Extracted entries -

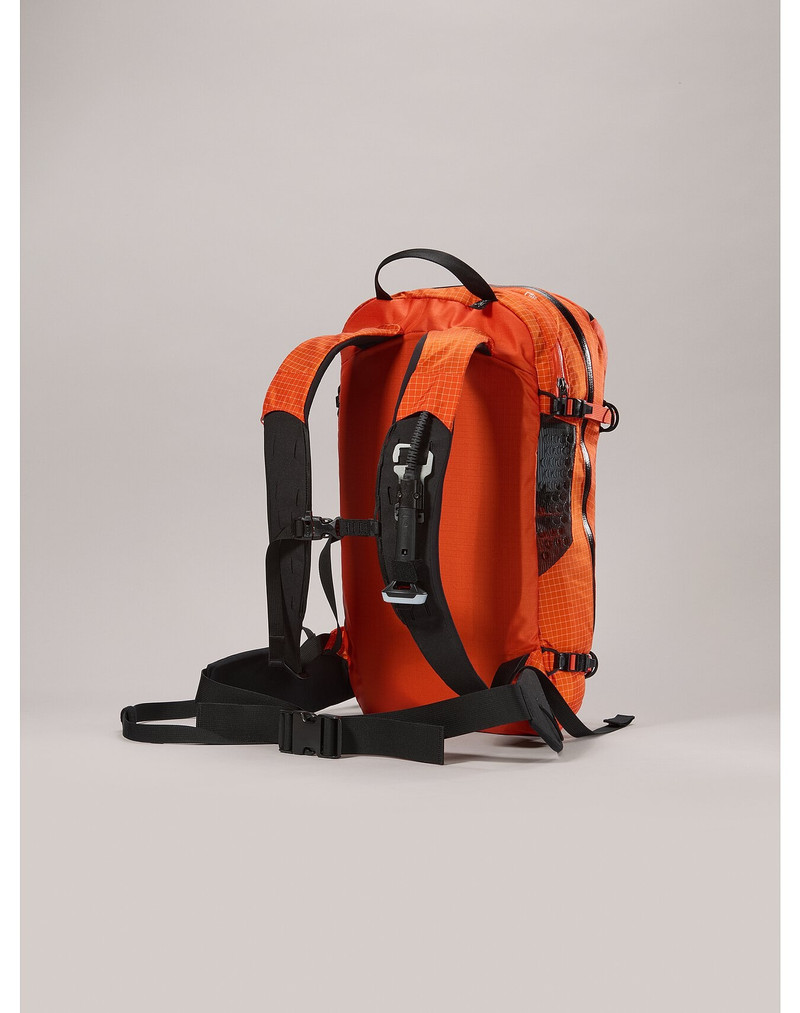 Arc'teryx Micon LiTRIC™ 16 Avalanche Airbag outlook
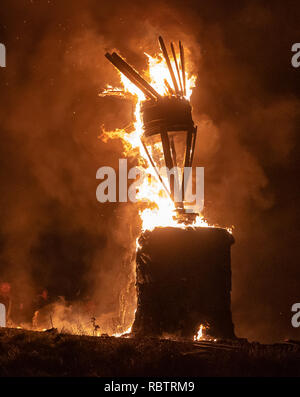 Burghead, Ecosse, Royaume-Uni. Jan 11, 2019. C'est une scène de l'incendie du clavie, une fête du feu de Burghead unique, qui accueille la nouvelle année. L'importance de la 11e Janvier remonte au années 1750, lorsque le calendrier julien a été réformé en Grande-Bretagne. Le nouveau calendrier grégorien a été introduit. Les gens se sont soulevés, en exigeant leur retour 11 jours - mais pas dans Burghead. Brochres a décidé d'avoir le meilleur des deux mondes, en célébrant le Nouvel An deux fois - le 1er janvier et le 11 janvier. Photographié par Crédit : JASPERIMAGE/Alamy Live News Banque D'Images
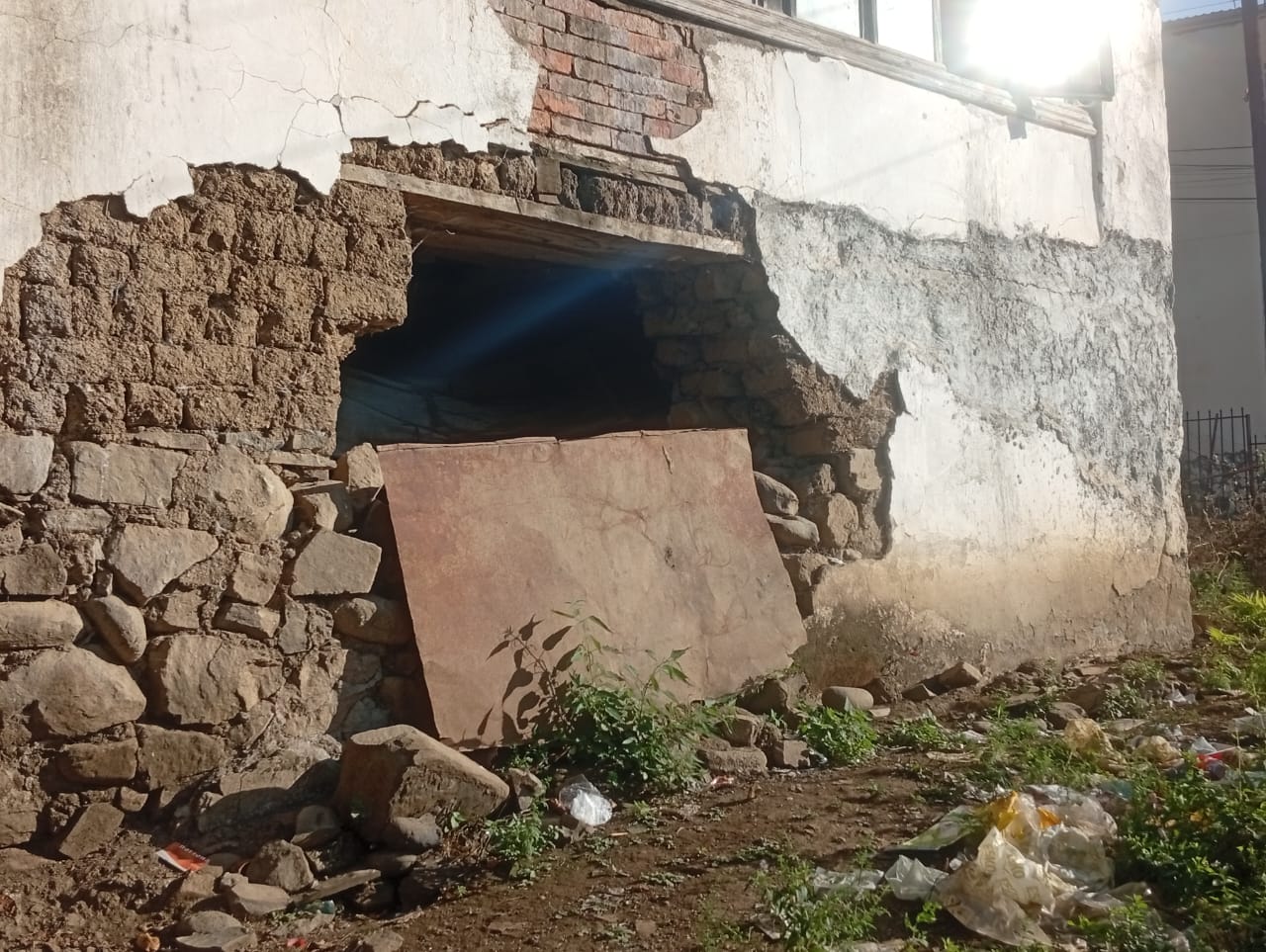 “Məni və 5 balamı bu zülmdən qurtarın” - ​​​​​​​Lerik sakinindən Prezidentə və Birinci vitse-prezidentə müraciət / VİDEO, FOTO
---
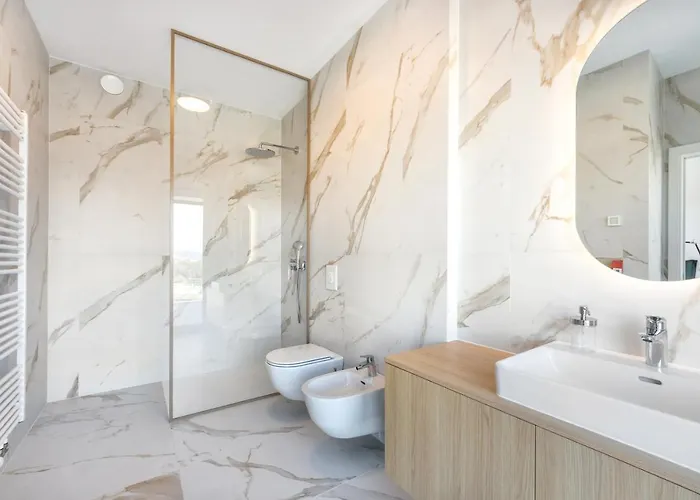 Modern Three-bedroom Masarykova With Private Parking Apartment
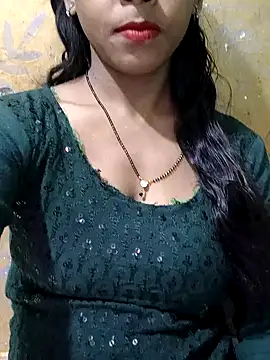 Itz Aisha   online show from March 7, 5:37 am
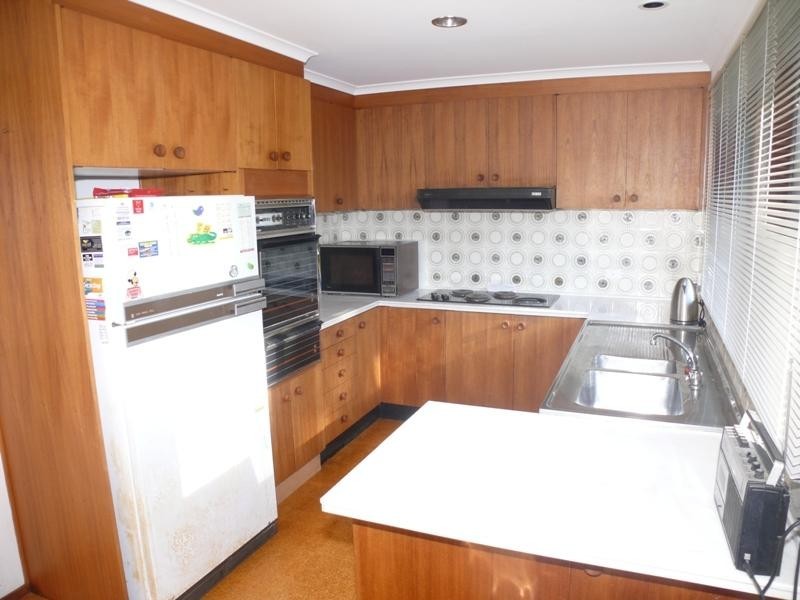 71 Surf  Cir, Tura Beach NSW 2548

The task - Copy the lines above between the one holding "Arc'teryx Micon LiTRIC™" and the one holding "müraciət / VİDEO, FOTO", inclusive. Drop the pictures.

Solution for this exercise -
 Arc'teryx Micon LiTRIC™ 16 Avalanche Airbag outlook
 Burghead, Ecosse, Royaume-Uni. Jan 11, 2019. C'est une scène de l'incendie du clavie, une fête du feu de Burghead unique, qui accueille la nouvelle année. L'importance de la 11e Janvier remonte au années 1750, lorsque le calendrier julien a été réformé en Grande-Bretagne. Le nouveau calendrier grégorien a été introduit. Les gens se sont soulevés, en exigeant leur retour 11 jours - mais pas dans Burghead. Brochres a décidé d'avoir le meilleur des deux mondes, en célébrant le Nouvel An deux fois - le 1er janvier et le 11 janvier. Photographié par Crédit : JASPERIMAGE/Alamy Live News Banque D'Images
 “Məni və 5 balamı bu zülmdən qurtarın” - ​​​​​​​Lerik sakinindən Prezidentə və Birinci vitse-prezidentə müraciət / VİDEO, FOTO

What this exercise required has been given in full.